◆ **Extracted material**:
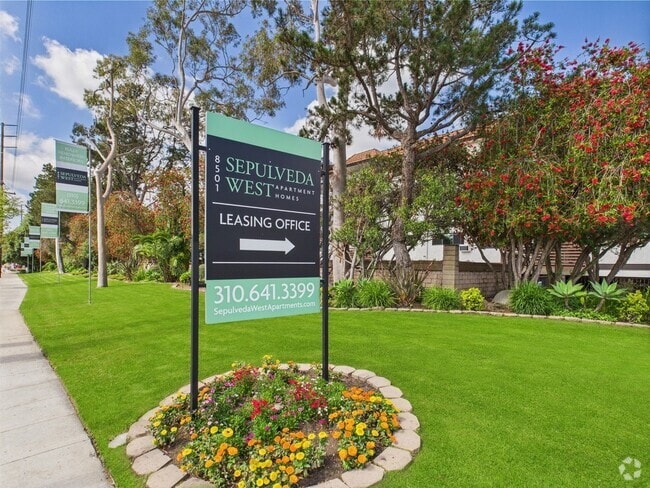 Building Photo - Sepulveda West Apartments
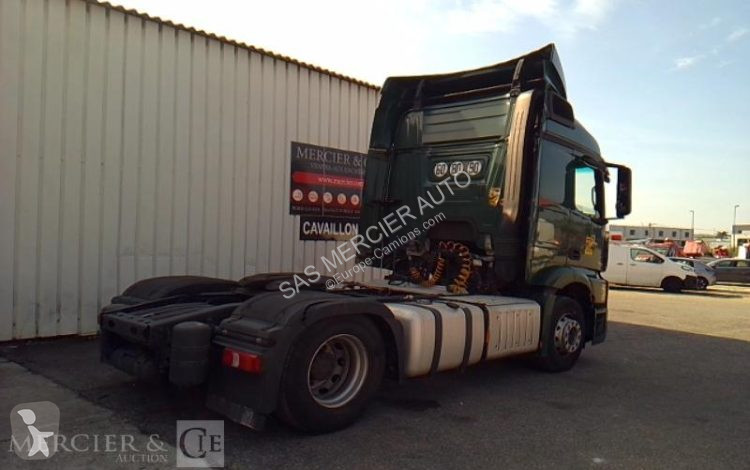 Cap tractor Mercedes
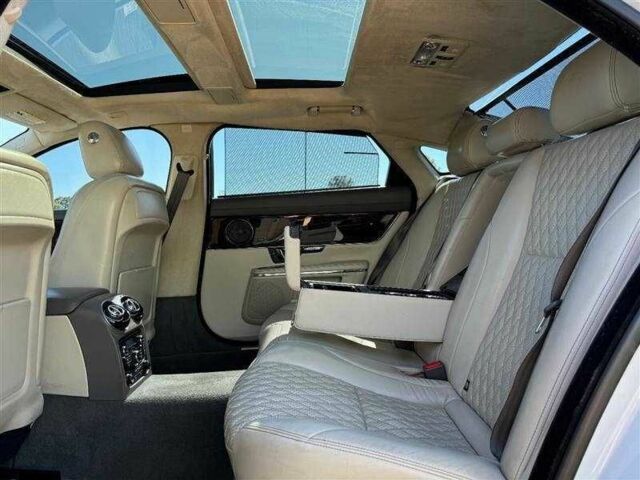 Ягуар Икс Джей 2016 в Львове на Automoto.ua Белый Ягуар Икс Джей, объемом двигателя 3 л и пробегом 60 тыс. км за 4900 $, фото 15 на Automoto.ua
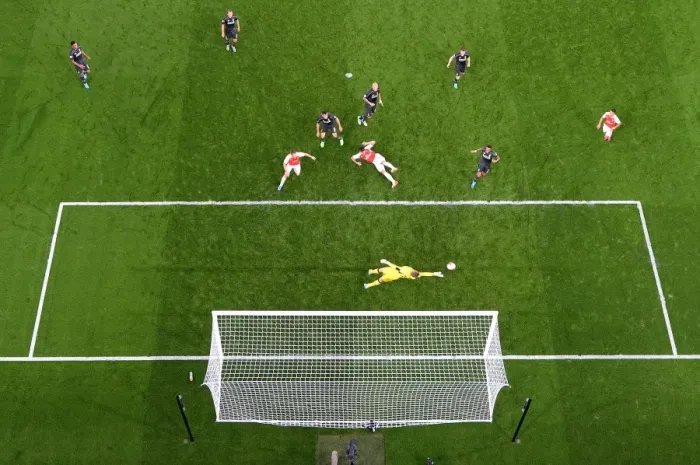 Framed Print : Thwarted Goal: Olivier Giroud vs. Simon Mignolet - Arsenal vs. Liverpool, Premier League 2015 / 16 Framed Print : Thwarted Goal: Olivier Giroud vs. Simon Mignolet - Arsenal vs. Liverpool, Premier League 2015 / 16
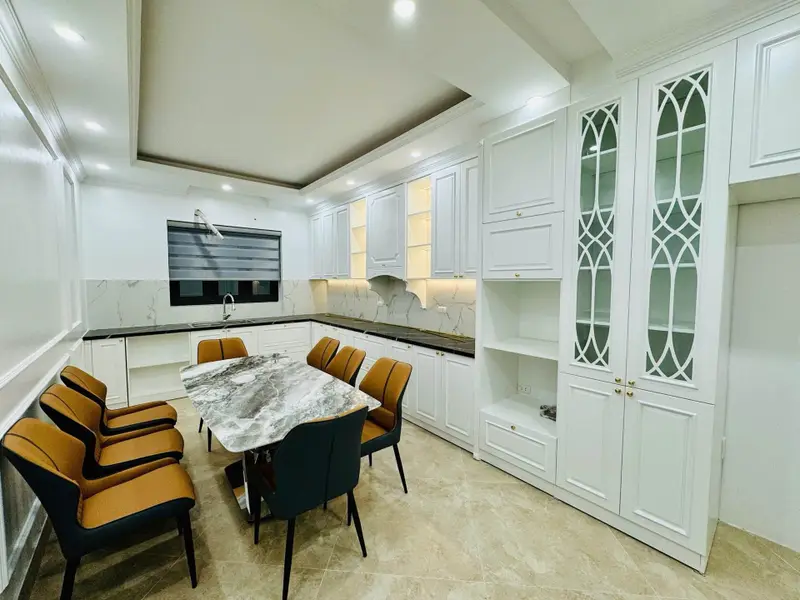 Nhà 5 tầng đẹp Giáp Bát, ô tô đỗ, tiện kinh doanh... Bán nhà riêng tại Tương Mai, Hà Nội 01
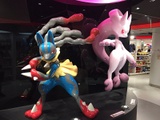 Estatua de Mega-Lucario y Mega-Mewtwo Y
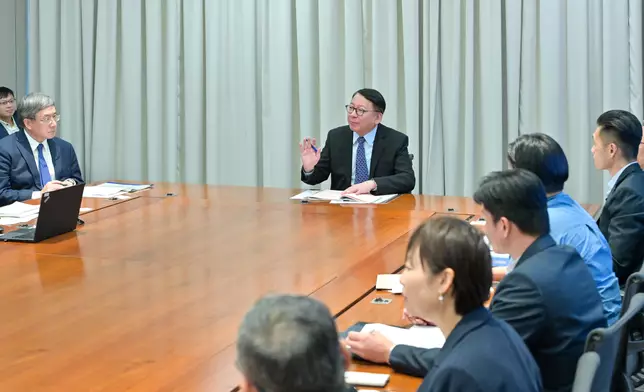 政務司司長主持應對颱風跨部門督導委員會會議（附圖） 政府新聞處圖片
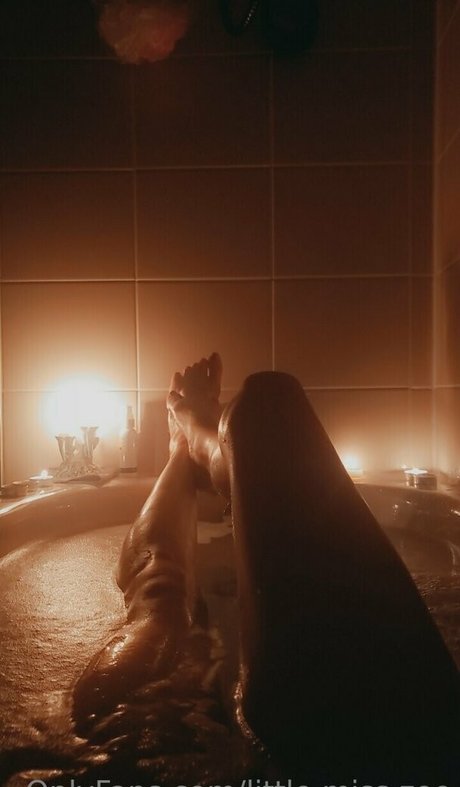 金髪のホットな妻オンリーファンズ 美しい裸 画像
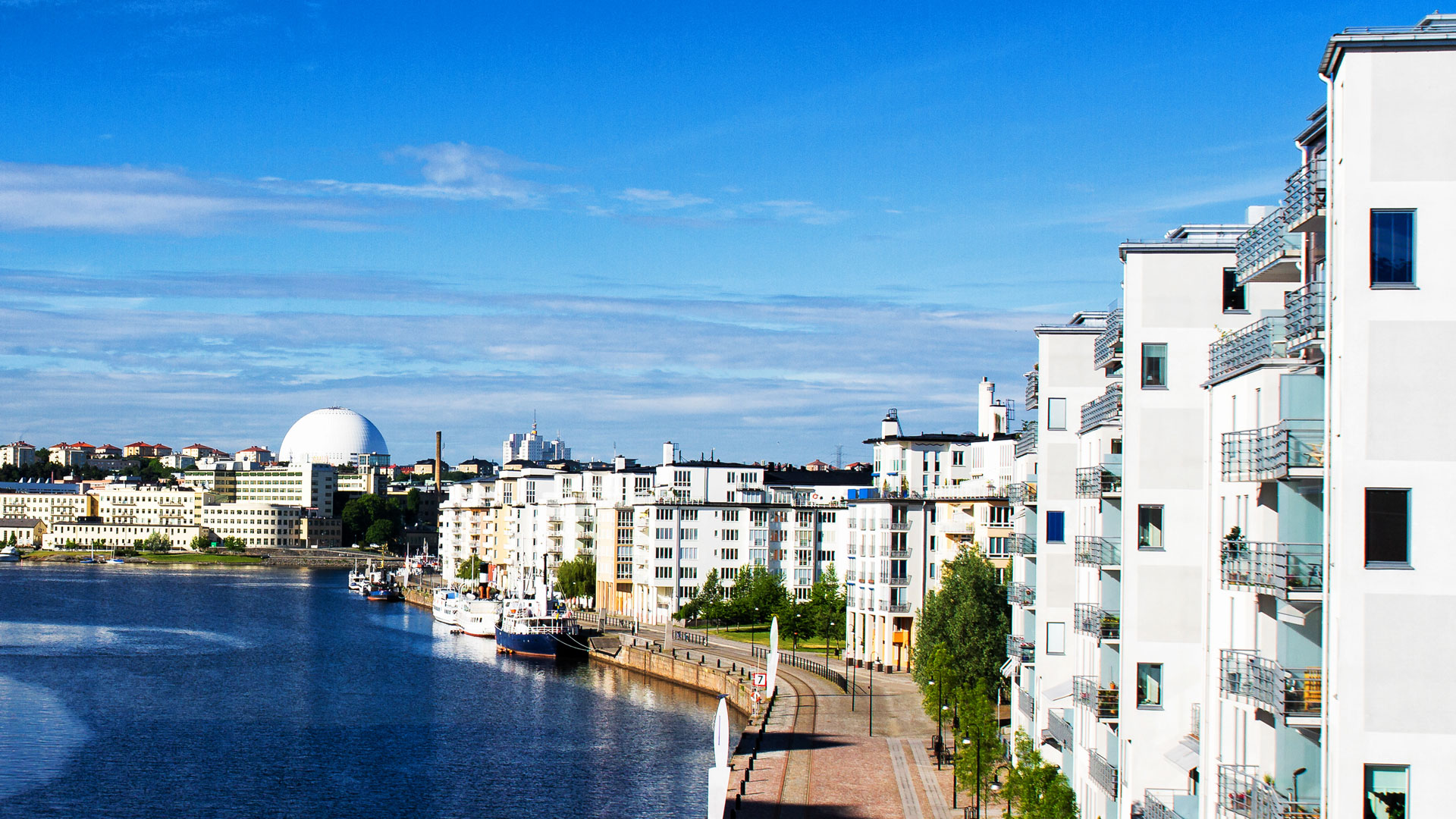 Modern apartment buildings by the water in Stockholm. Photo.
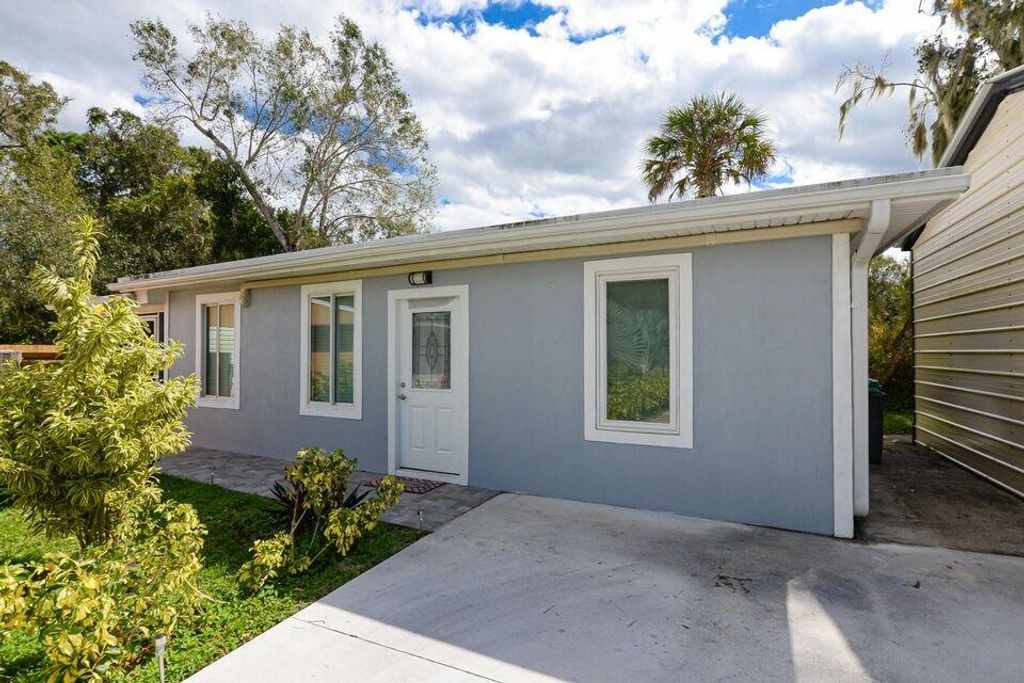 Photo of 703 Ulrich Road #3, Fort Pierce, FL 34982 (MLS # R11102593)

◆ **Aim of the task**: Repeat exactly the lines from the one containing "政務司司長主持應對颱風跨部門督導委員會會議（附圖） 政府新聞處圖片" to the last line of the records above, including both, and leave out any pictures.

◆ **Result for this exercise**:
 政務司司長主持應對颱風跨部門督導委員會會議（附圖） 政府新聞處圖片
 金髪のホットな妻オンリーファンズ 美しい裸 画像
 Modern apartment buildings by the water in Stockholm. Photo.
 Photo of 703 Ulrich Road #3, Fort Pierce, FL 34982 (MLS # R11102593)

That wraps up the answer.